The law also mandated revenues “for school year 2006-2007 and each school year thereafter.” In other words, the lawwas retroactive.
Not only did wealthy districts loose their right to excess funds, the state demanded money from the moment Amendment B took eff ect (Nov 15, 2006).
McAdams, who has been in front of the Supreme Court before, was expecting the ruling to take at least six months, and maybe a year.
“This was a really quick turnaround,” he said.
The court’s speed suggests it was an easy decision.
Specifically, it was asked whether Amendment B created a mechanism for collecting 100 percent of the districts’ excess revenues.
In its ruling, the court agreed with the state that “an amendment means change was intended” and suggesting the Amendment nullified 21-13-102(c). But the court sided with the school districts’ argument that the amendment did not “without further legislation… require that the (recapture) amount be changed to 100 percent.”
The court continued, “Quite simply, (21-13-102(c)) remained…in effect after the 2006 Amendment until the Legislature expressly repealed the statute in 2008.”
In other words, 21-13-102(c) was not repealed by innuendo.
The court used those two points to unanimously shoot down the state’s claim that SF 54 could be applied retroactively.
Not the bad guys
“It’s not a moral issue,” McAdams said referring to the state’s vilification of the two Sublette County school districts. “The rest of the state thinks we’re the bad guys and we’re holding money from other school districts, but that’s not the case.”
In fact, every school district is allowed a budget calculated by the same per-student formula.
What’s more, the state is a wash with school revenues mostly recaptured from Sublette County.
That money goes into the Wyoming Public School Foundation Program Account (foundation account), and it is kept there “to be redistributed to all Wyoming school districts for the education of all of Wyoming’s school children,” according to statute.
But others consider the account euphemism for the state’s general fund.

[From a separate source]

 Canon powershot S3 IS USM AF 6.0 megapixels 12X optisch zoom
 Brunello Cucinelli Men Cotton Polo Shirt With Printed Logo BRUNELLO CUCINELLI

McAdams said the five school districts offered to split the excess revenues evenly with the rest of the state’s school districts, but Cheyenne dismissed the offer. Instead the money sits in the foundation account that is accessible to the legislature.
Regardless, the ruling Friday is a big financial shot in the arm for all Sublette public school students and a giant relief for administrators.
For McAdams, it was uplifting news during a sufferable experience.
“I was delirious sitting in the chair,” he said. “It certainly made an otherwise awful day turn out to be a good day.”